__What you are asked to do__
Print, with no pictures, the exact lines that run from the one containing "Junge-Frau,-Di" through the last line of the material below, both ends included.

__Provided data__
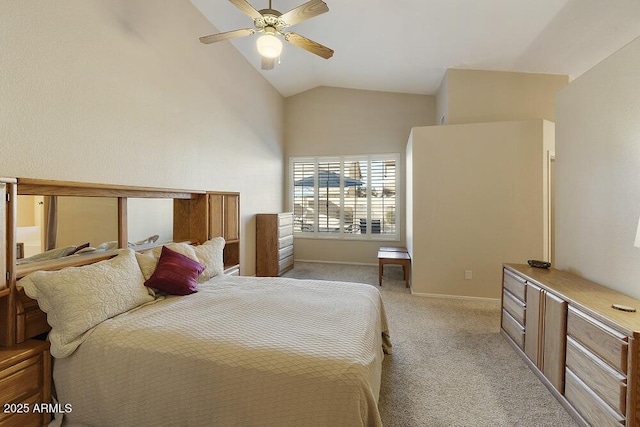 bedroom featuring ceiling fan, vaulted ceiling, and light colored carpet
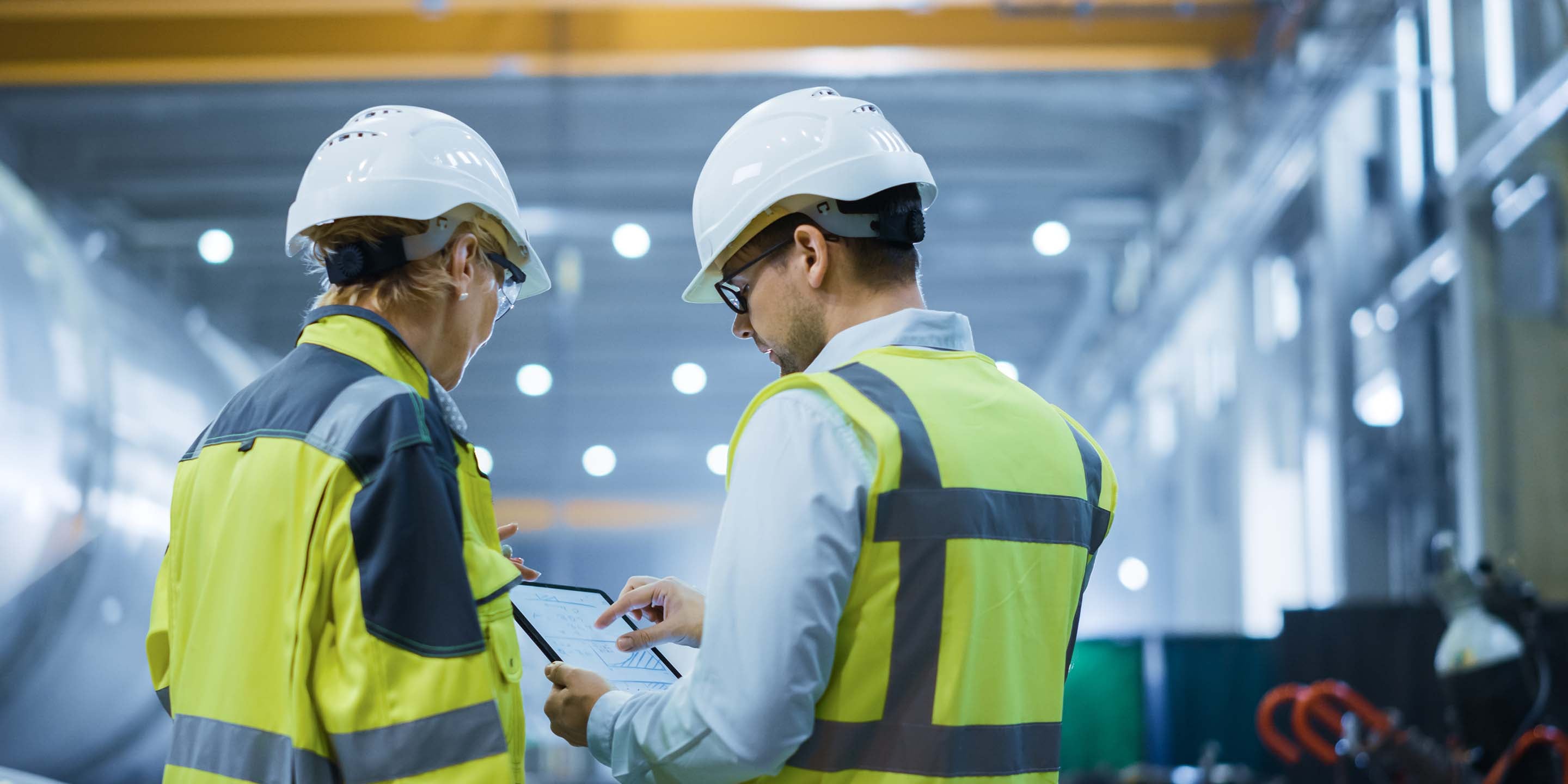 Two Heavy Industry Engineers Stand in Pipe Manufacturing Factory, Use Digital Tablet Computer, Have Discussion. Large Pipe Assembled. Design and Construction of Oil, Gas and Fuels Transport Pipeline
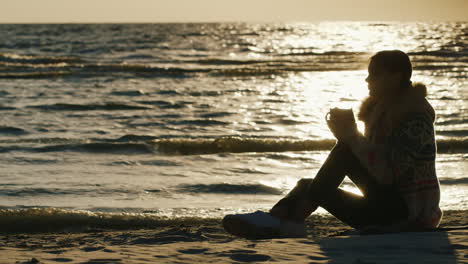 Junge-Frau,-Die-An-Einem-Kühlen,-Windigen-Tag-Am-Strand-Sitzt-Und-Ein-Heißes-Getränk-Aus-Einer-Tasse-Trinkt,-Hält-Sich-In-Co-Warm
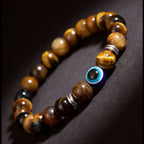 Golden tiger eye evil eye bracelet courage discernment protection — bead & charm detail | BuddhaManifest™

__Exercise output__
 Junge-Frau,-Die-An-Einem-Kühlen,-Windigen-Tag-Am-Strand-Sitzt-Und-Ein-Heißes-Getränk-Aus-Einer-Tasse-Trinkt,-Hält-Sich-In-Co-Warm
 Golden tiger eye evil eye bracelet courage discernment protection — bead & charm detail | BuddhaManifest™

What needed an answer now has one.